Reproduce every line of the data, exactly and without its pictures.

=== Section Start ===

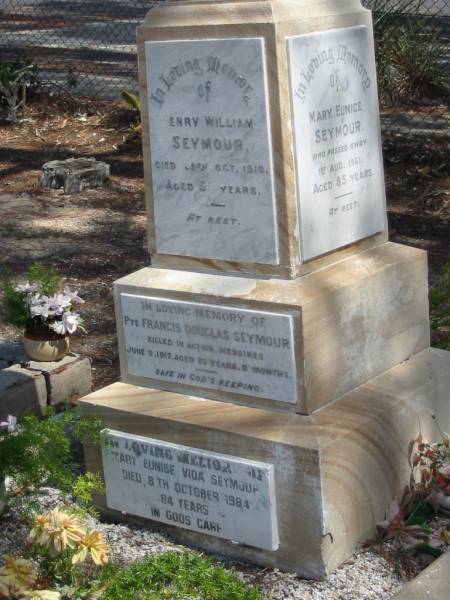 Henry William SEYMOUR died 25 Oct 1910 aged 50? years,  | Francis Douglas SEYMOUR died 9 June 1917 aged 20 years 9 months,  | Mary Eunice Vida SEYMOUR died 8 Oct 1984 aged 84 years,  | Mary Eunice SEYMOUR died 1 Aug 1961 aged 85 years,  | Tingalpa Christ Church (Anglican) cemetery, Brisbane  | 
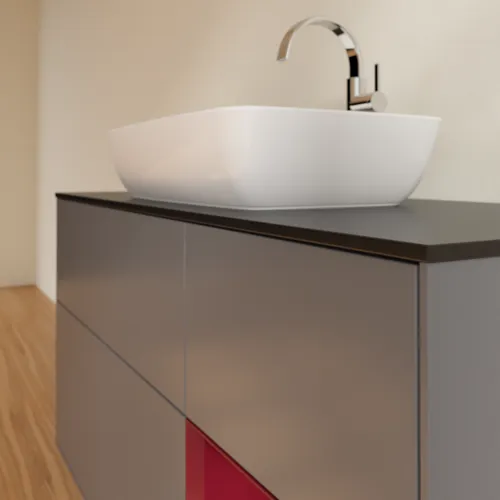 VILLEROY BOCH Toaletní skříňka Finion, s osvětlením, 3 výsuvy, 1200 x 603 x 501 mm, antracitový matný lak / pivoňkový matný lak / černé matné sklo #F832HBGK, obrázek 6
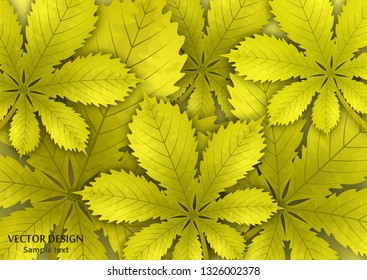 Bright stylish abstract background with chestnut leaves for your design. Design for covers, posters, flyers and banners. Vector illustration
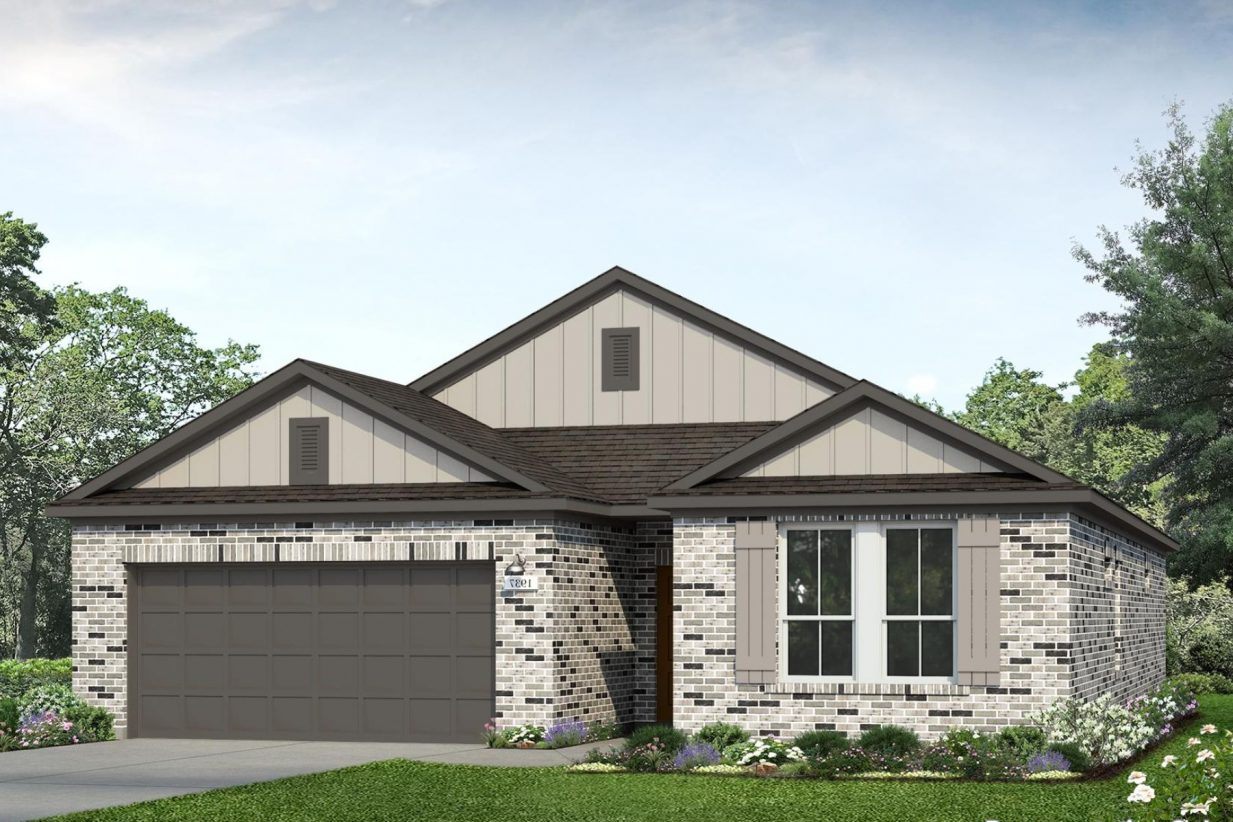 Rendering of one-story home with warm greige board and batten and grey tone bricks with landscaping and sky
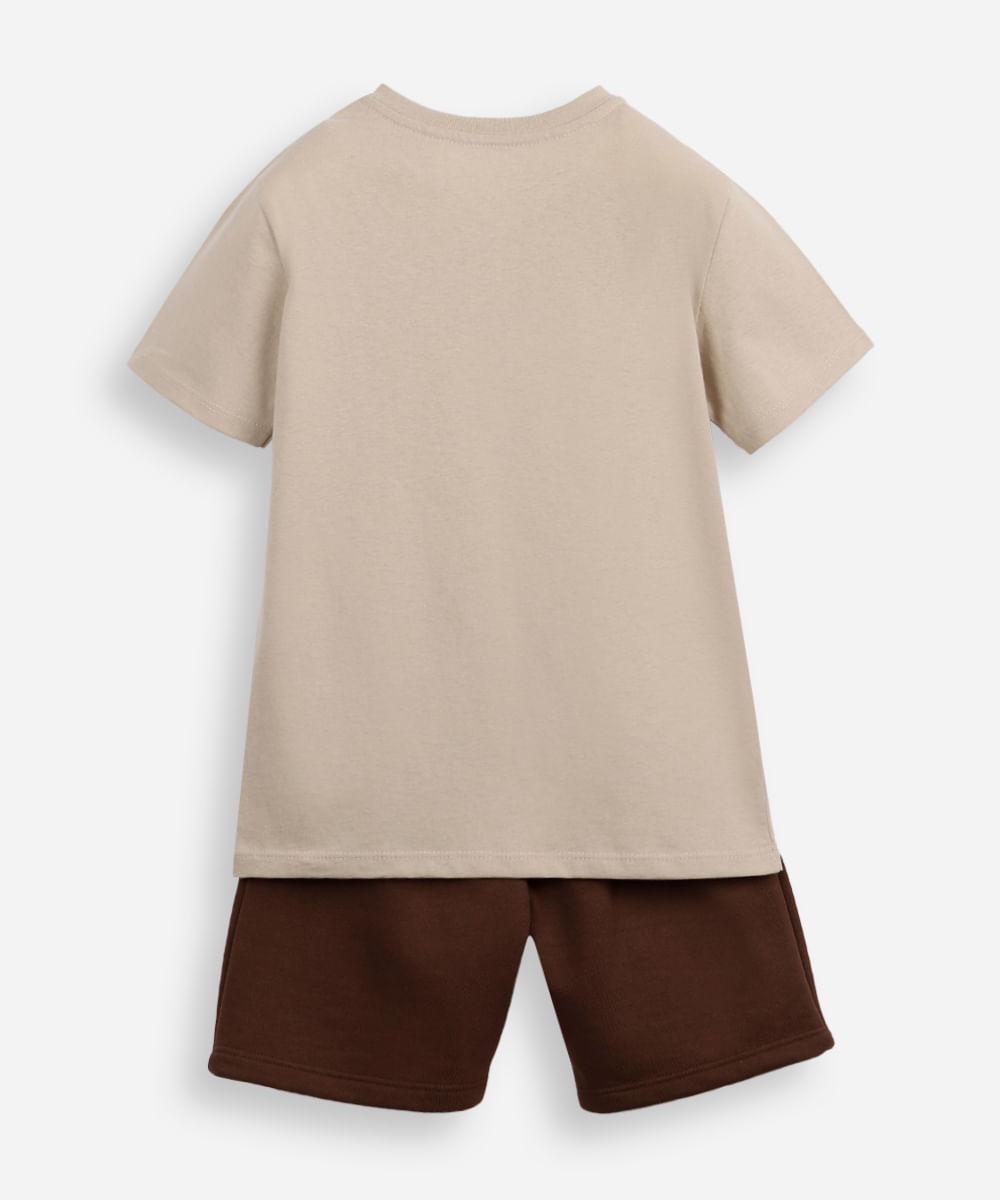 conjunto curto infantil de algodão the sun bege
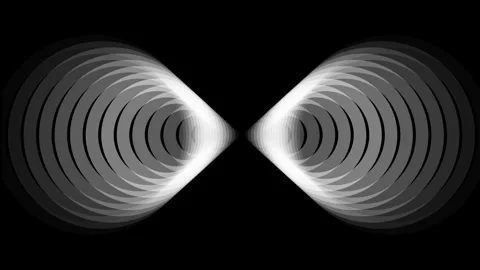 Abstract monochromatic looping animation of circular tunnel structures expa.. Stock Footage 345547825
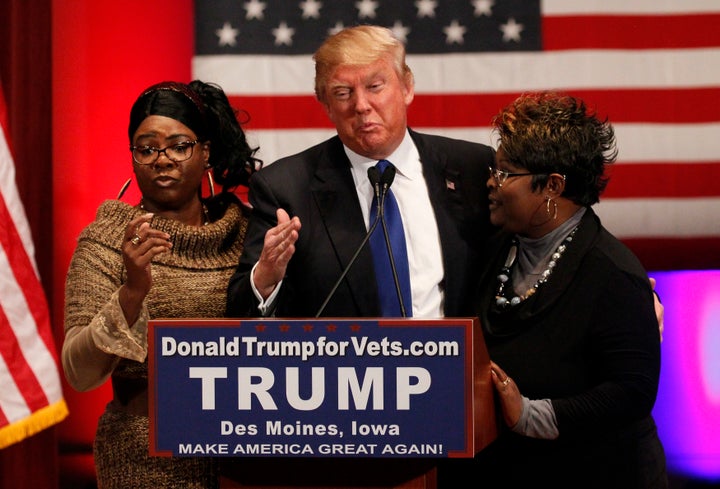 The YouTube stars known as "Diamond and Silk" appear with Donald Trump during his presidential campaign.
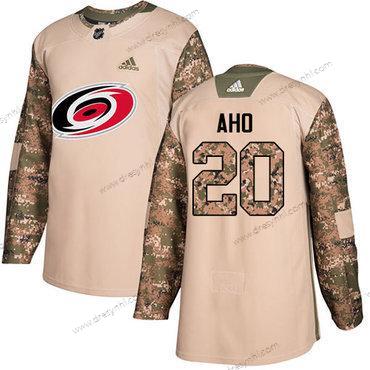 Adidas Carolina Hurricanes #20 Sebastian Aho Camo Autentické 2017 Veterans Day Sešitý NHL dres – Pánské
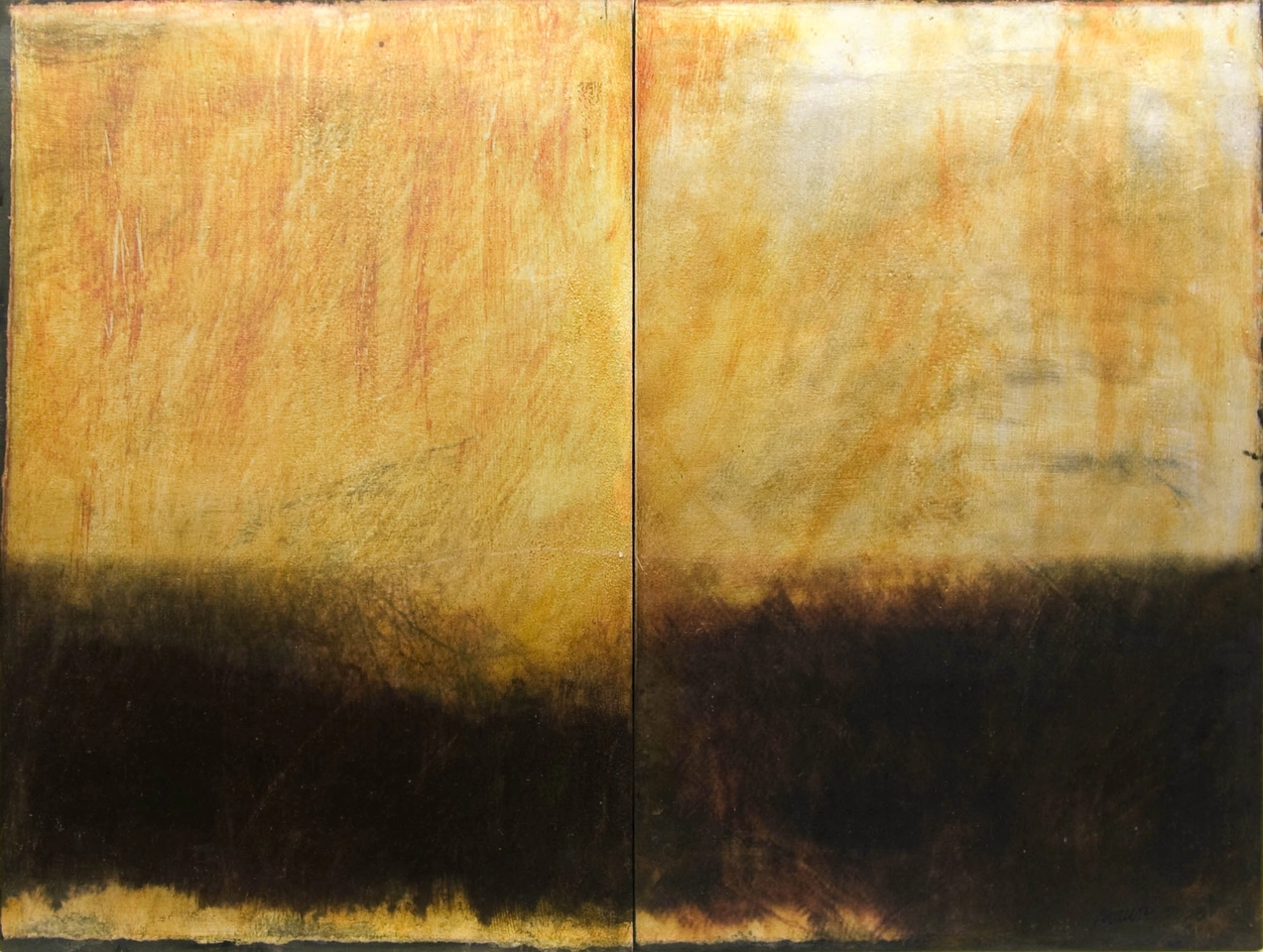 Dorothy Simpson Krause, Silver Rain (diptych), 2008, custom textured substrate on board with mixed media, 24 x 32 in.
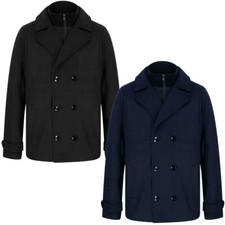Tokyo Laundry Mens Peacoat Faux Wool Reefer Coat Jacket Smart Formal Work Office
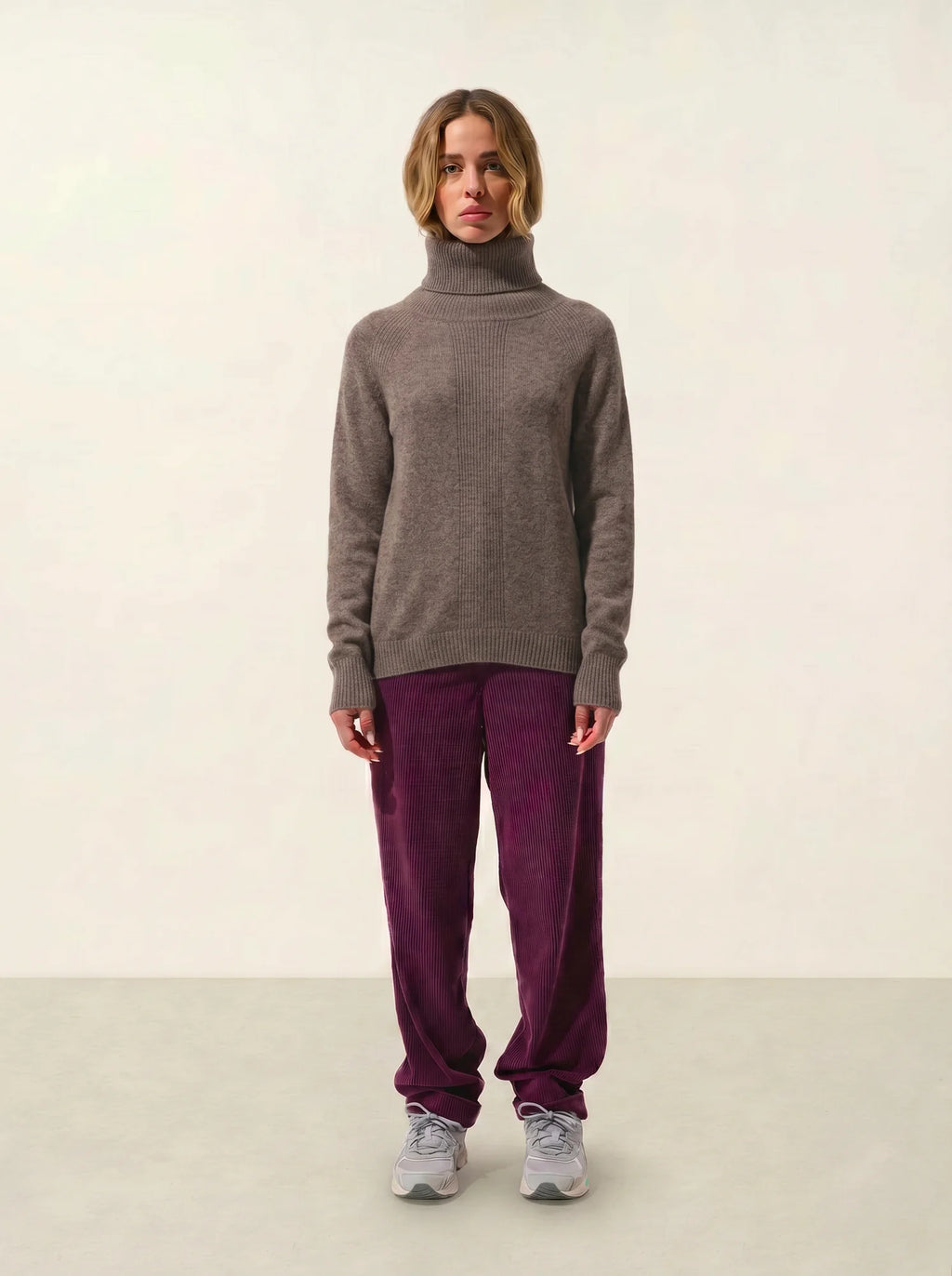 DOLCE Pullover Rollkragen Taupe und Altrosa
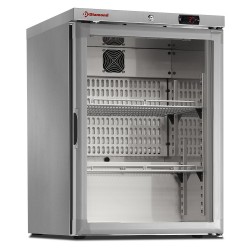 Réfrigérateur Ventilé en Acier Inoxydable avec Porte Vitrée - 150 Litres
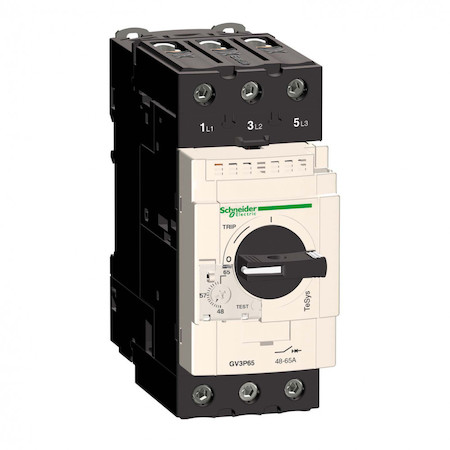 Schneider Electric GV3P65 АВТОМАТИЧЕСКИЙ ВЫКЛЮЧАТЕЛЬ С КОМБИНИРОВАННЫМ РАСЦЕПИТЕЛЕМ 65А ВИНТ.ЗАЖ.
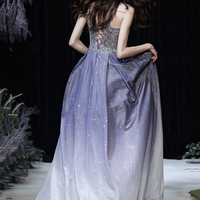 Stylish v neck lace long prom dress evening dress - Thumbnail 4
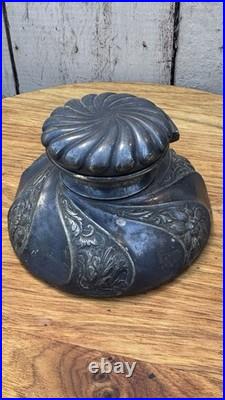Antique Simpson Hall Miller & Co Ink Well Silver Quadruple Plate RARE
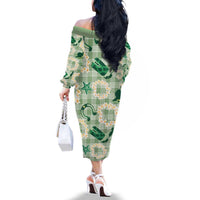 Aloha Hawaii Paniolo Mint Palaka Family Matching Off The Shoulder Long Sleeve Dress and Hawaiian Shirt Coastal Rodeo - Polynesian Pride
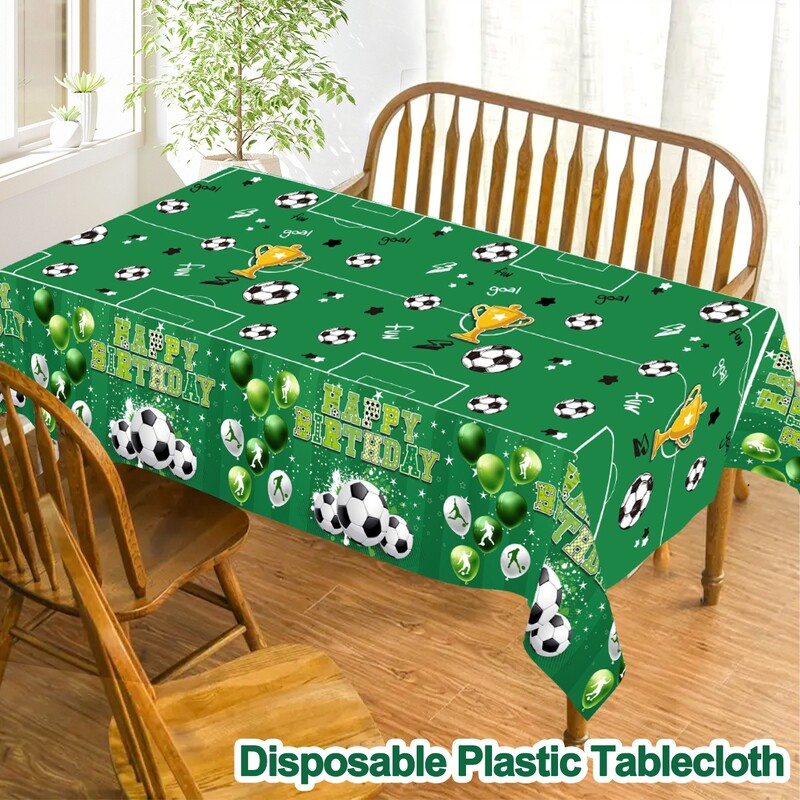 Futbola ballīte Vienreizlietojamais galdauts Bērniem Zēniem Futbols Sporta tēma Dzimšanas dienas Galda pārsegs Aprīkojums Izejmateriāli Bērnu duša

=== Section End ===

▶ **WRITTEN RESPONSE**:
 Henry William SEYMOUR died 25 Oct 1910 aged 50? years,  | Francis Douglas SEYMOUR died 9 June 1917 aged 20 years 9 months,  | Mary Eunice Vida SEYMOUR died 8 Oct 1984 aged 84 years,  | Mary Eunice SEYMOUR died 1 Aug 1961 aged 85 years,  | Tingalpa Christ Church (Anglican) cemetery, Brisbane  | 
 VILLEROY BOCH Toaletní skříňka Finion, s osvětlením, 3 výsuvy, 1200 x 603 x 501 mm, antracitový matný lak / pivoňkový matný lak / černé matné sklo #F832HBGK, obrázek 6
 Bright stylish abstract background with chestnut leaves for your design. Design for covers, posters, flyers and banners. Vector illustration
 Rendering of one-story home with warm greige board and batten and grey tone bricks with landscaping and sky
 conjunto curto infantil de algodão the sun bege
 Abstract monochromatic looping animation of circular tunnel structures expa.. Stock Footage 345547825
 The YouTube stars known as "Diamond and Silk" appear with Donald Trump during his presidential campaign.
 Adidas Carolina Hurricanes #20 Sebastian Aho Camo Autentické 2017 Veterans Day Sešitý NHL dres – Pánské
 Dorothy Simpson Krause, Silver Rain (diptych), 2008, custom textured substrate on board with mixed media, 24 x 32 in.
Tokyo Laundry Mens Peacoat Faux Wool Reefer Coat Jacket Smart Formal Work Office
 DOLCE Pullover Rollkragen Taupe und Altrosa
 Réfrigérateur Ventilé en Acier Inoxydable avec Porte Vitrée - 150 Litres
 Schneider Electric GV3P65 АВТОМАТИЧЕСКИЙ ВЫКЛЮЧАТЕЛЬ С КОМБИНИРОВАННЫМ РАСЦЕПИТЕЛЕМ 65А ВИНТ.ЗАЖ.
 Stylish v neck lace long prom dress evening dress - Thumbnail 4
Antique Simpson Hall Miller & Co Ink Well Silver Quadruple Plate RARE
 Aloha Hawaii Paniolo Mint Palaka Family Matching Off The Shoulder Long Sleeve Dress and Hawaiian Shirt Coastal Rodeo - Polynesian Pride
 Futbola ballīte Vienreizlietojamais galdauts Bērniem Zēniem Futbols Sporta tēma Dzimšanas dienas Galda pārsegs Aprīkojums Izejmateriāli Bērnu duša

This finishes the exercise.